Peran seorang cendikiawan-sebutan bagi orang-orang tercerahkan semangat dan pikirannya-amatlah penting dalam semua rana kehidupan. Harapan-harapan fitrah manusia itu juga adalah bagian paling tinggi dari cita-cita individualnya. Manusia-manusia yang telah ‘melahirkan kembali dirinya’ menjadi manusia sejati ini adalah teladan saman, panutan sejarah dan guru kehidupan. Mereka adalah penutur sekaligus pelaku hikma. Penyampai makna yang tiada letih mengunjugi manusia dalam berbagai cara, demi kemaslahatan manusia dan kehidupan itu sendiri.

Secara khusus mereka telah mendidik diri dalam laku pikir, perasaan, aktifitas dengan disiplin ketat. Mereka telah mengorbankan banyak hal untuk sebuah kesempurnaan diri kemanusiaannya, dengan pengetahuan dan pengalaman yang sedemikian lengkap. Sehingga setiap tindakan dan perkataan mereka adalah ‘kepastian-kepastian’ yang produktif dan mencerahkan. Dan pasti bahwa apa-apa yang telah menjadi perkataan dan perilaku mereka akan sangat berguna bagi kesempunaan kehidupan sejarah manusia. Sebab adalah takdir bagi kebedaraan meraka seperti itu adanya.

Manusia-manusia yang tercerahkan ini dengan sendirinya tidak terpisah dari keberadaan masyarakat atau kehidupan sosial pada umumnya. Keberadaan mereka tidak akan berarti apa-apa ketika mereka hanya menjadi penyepi di goa-goa dan padepokan atau hanya menikmati ‘kesempurnaan’ dirinya dalam kamar dengan segunung gagasan dalam kerta-kertas kerja yang terhambur dan dikelilingi setumpuk buku-buku klasik dan mutakhir tebal, serta menutup diri dibalik tembok-tembok akademik yang tebal dan kaku membiarkan ilmu itu berkarat bersama menara gadingnya. Karena mereka adalah pendidik sejati dan peserta didiknya adalah masyarakat manusia maka kehidupan sosial adalah rumah sejati mereka juga, tempat mereka mendidik masyarakatnya hingga kelak harapan tertinggi kemanusiaan sosial itu tergapai.

Seiring bergerak dan berubahnya saman, peran dan ‘sebutan-sebuatan’ kaum tercerahkan inipun turut berubah.

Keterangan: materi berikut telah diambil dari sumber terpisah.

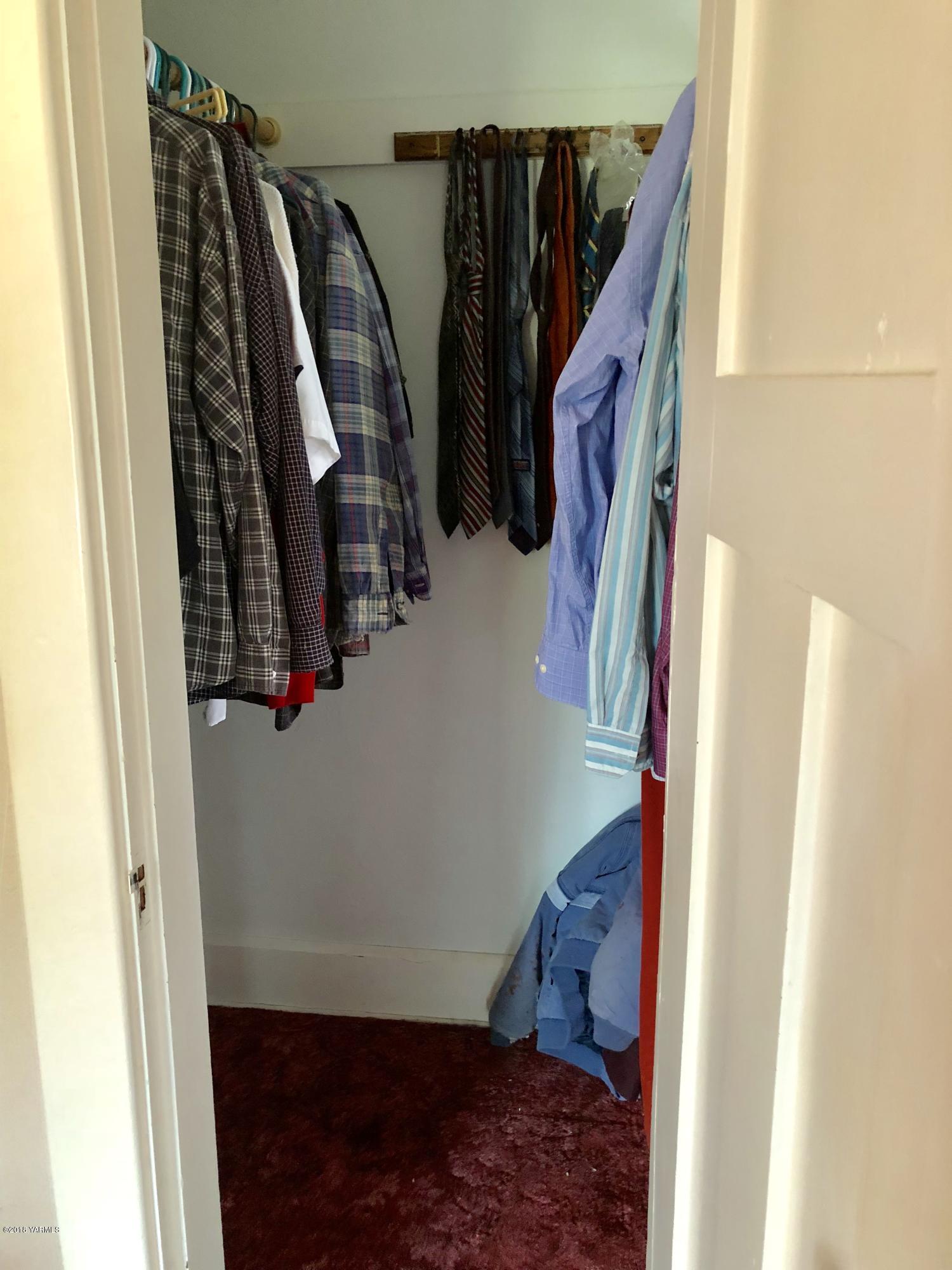 16573 Branch Road Harrah, WA 98933 - Photo 13 of 33 a view of walk in closet with clothes and shoes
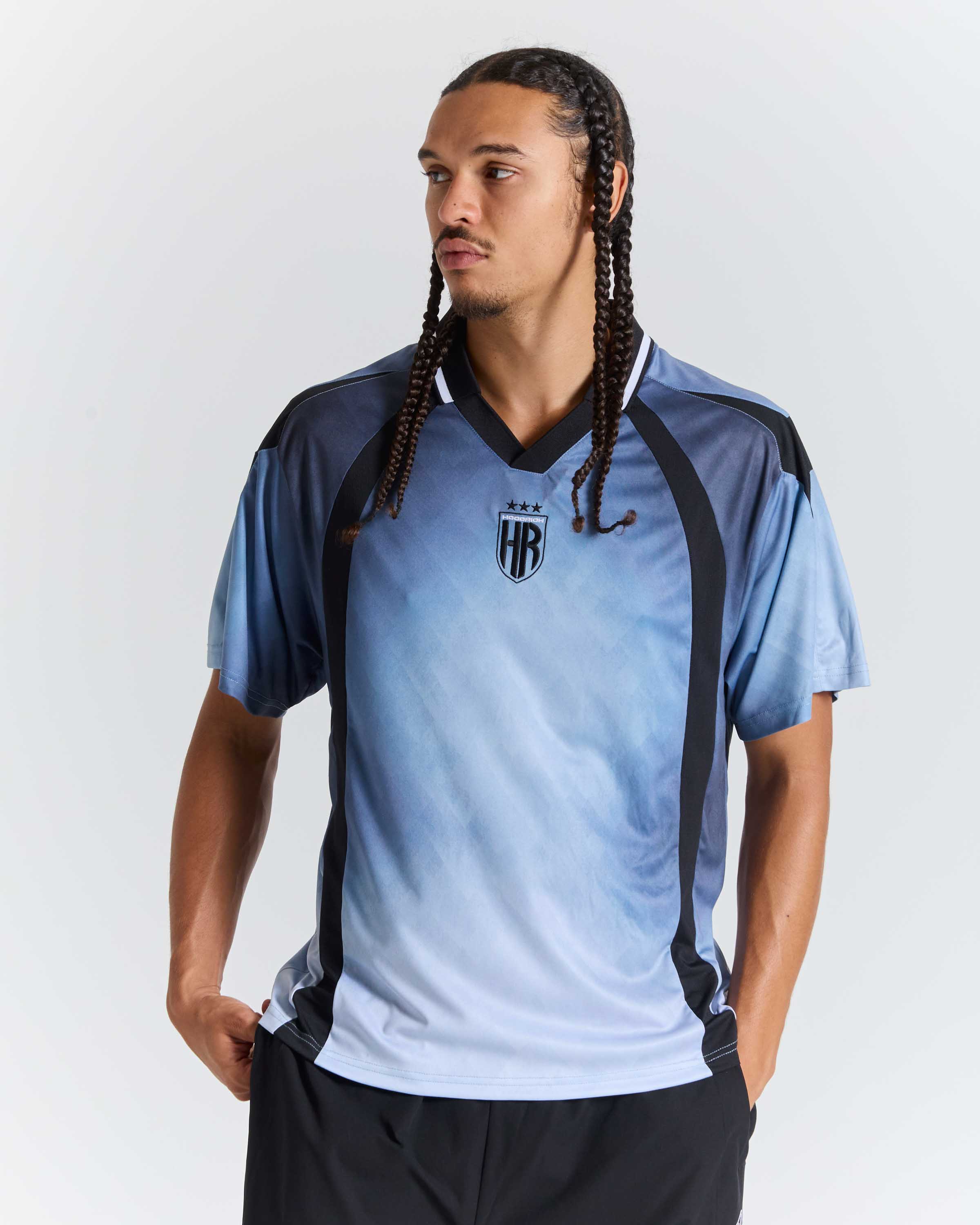 A man modeling a light blue and navy soccer jersey with black side panels and a central crest, set against a plain light gray background.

Misalnya, ketika saman dipenuhi semangat kesucian wahyu-wahyu langit, mereka adalah nabi-nabi yang berperan mensucikan kembali manusia dan menskralisasi kehidupan sosial dalam batas-batas manusiawi dengan menjadikan kesempurnaan Tuhan sebagai dasar pijikan. Ketika saman tradisional itu berlalu dan digantikan saman baru yang disebut modern dengan cirinya yang pragmentatif, mereka adalah para filosof, para ahli-ahli ilmu pengetahuan rasional dalam segala bidang : tehnik, hukum, sosial, ekonomi, politik, kedokteran, sejarah, kebudayaan dan lain-lain, yang bekerja juga dalam keragaman bidang profesi menurut keahlian masing-masing.

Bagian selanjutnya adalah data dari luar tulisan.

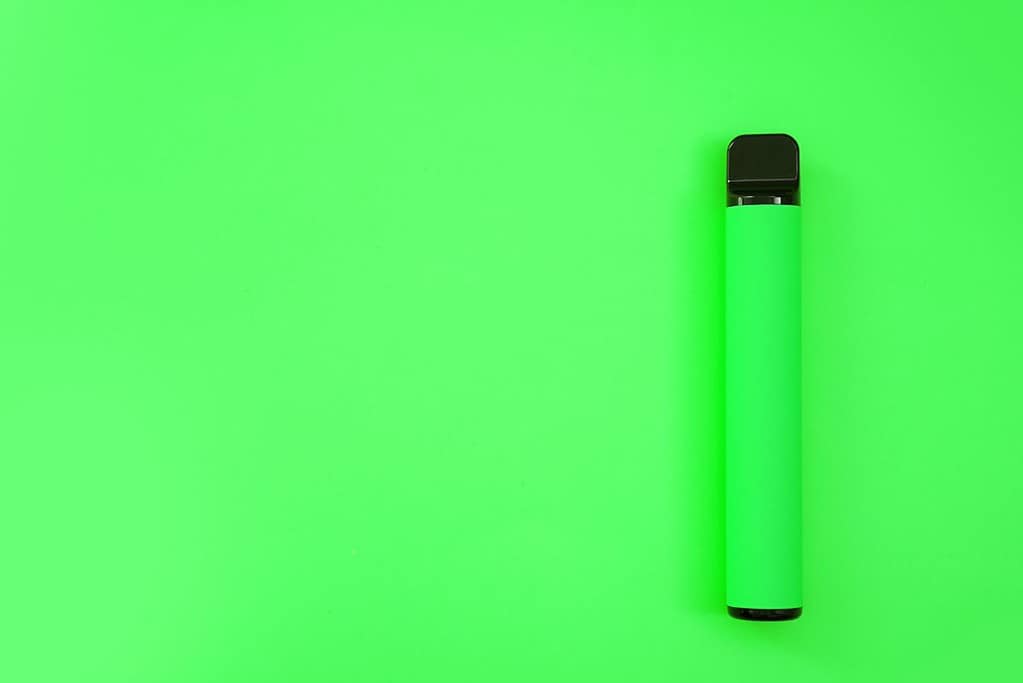 A green disposable vape sitting on top of a green surface.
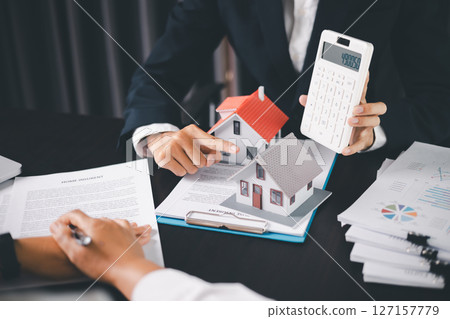 Concept business house finance protection office plan investment buy sell home ensuring idea financial security. residence agent hand protect purchase insurance and secure favorable loan deal. 127157779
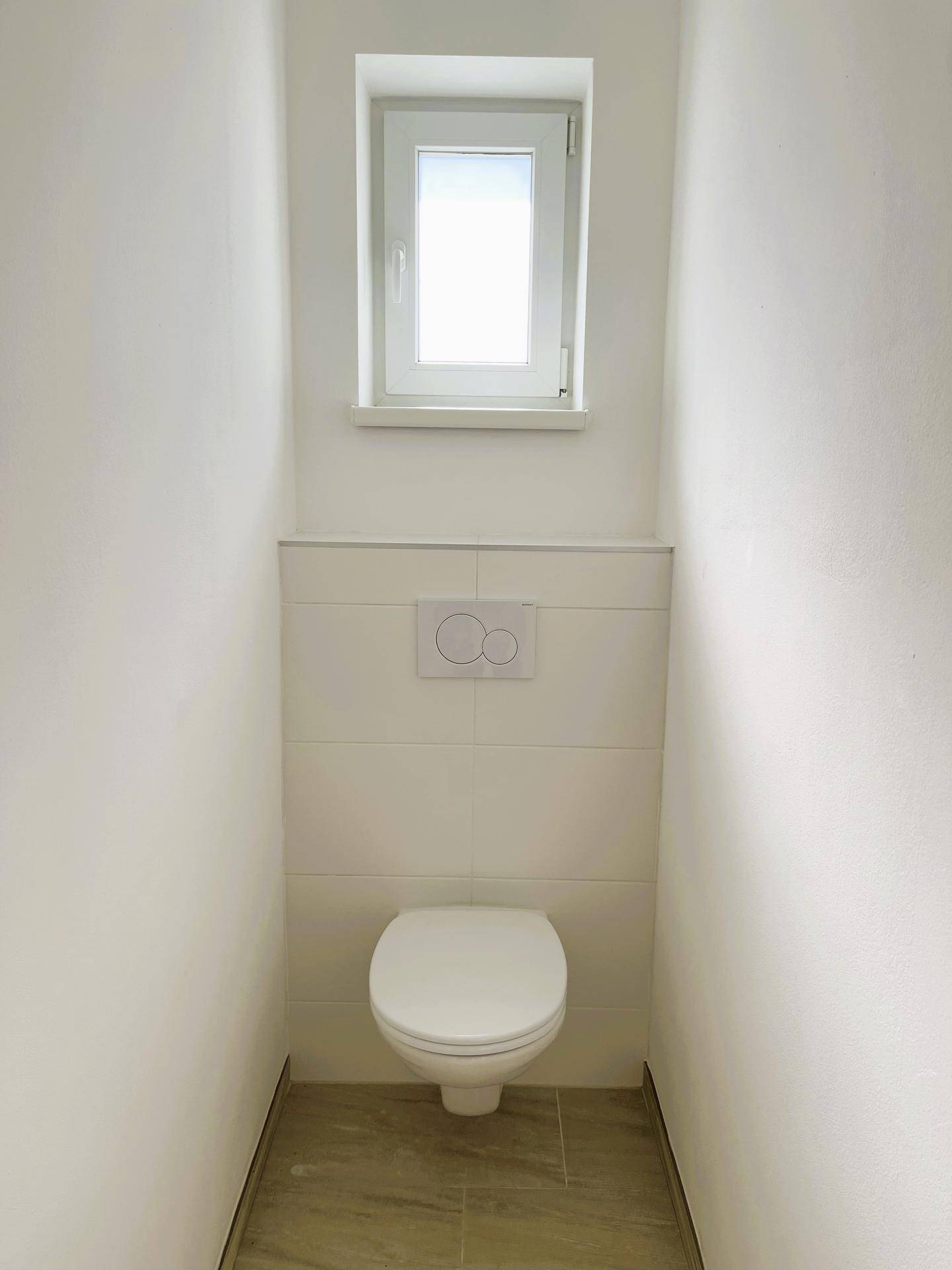 Separates WC mit Fenster und Wand-WC, hell und funktional gestaltet.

Corak kenabian dalam fase tradisional dan mental ilmuan dalam kehidupan modern sungguh sangat berbeda dari sisi sublimitasnya. Nabi dan sifat-sifat kenabian yang melekat pada individu-individu pemegang otoritas pengetahuan pada masa awal itu adalah mereka yang mentalitas dan fisikal secara totalitas telah disiapkan hanya untuk mengabdi pada manusia dan kehidupannya. Dan adalah ‘pantangan’ dalam melakukan tugasnya sebagai pendidik sejati kemudian mereka mengharap atau meminta secuil keuntungan duniawi. Sikap seperti ini dianggap sebagai penghianatan pada diri sendiri, sebuah sikap yang hanya akan mengotori perjuangan bagi cita-cita mulia mereka, bahkan menjadi penghambat bagi kemajuan kualitas kesempurnaan kemanusiaannya sendiri.

Oriatarsi kerja-kerja intlektual dan sosial mereka adalah kemuliaan jiwa manusia, kesempurnaan tujuan sejarah, dan ‘melindungi’ kehidupan dari kehancuran dan kebinasan moral dan spritualnya, mereka tidak mengharapkan imbalan kesejahteraan material, sebab keseluruhan hidup mereka telah diabdikan untuk ibadah. Tah heran kemudian, apa yang mereka perjuangkan tidak membuat masyarakat kecewa dan keberhasilan mereka membangun sebuah masyarakat begitu membekas secara ideal pada setiap jiwa dan bahkan menjadi pilot project bagi komunitas masyarakat lainnya. Ada ketulus-ihlasan, ada kejujuran, ketegasan dan konsistensi dalam setiap upaya-upaya teoritis dan praktis mereka : sebuah kerja tanpa pretensi pada iming-iming kesemuan duniawi.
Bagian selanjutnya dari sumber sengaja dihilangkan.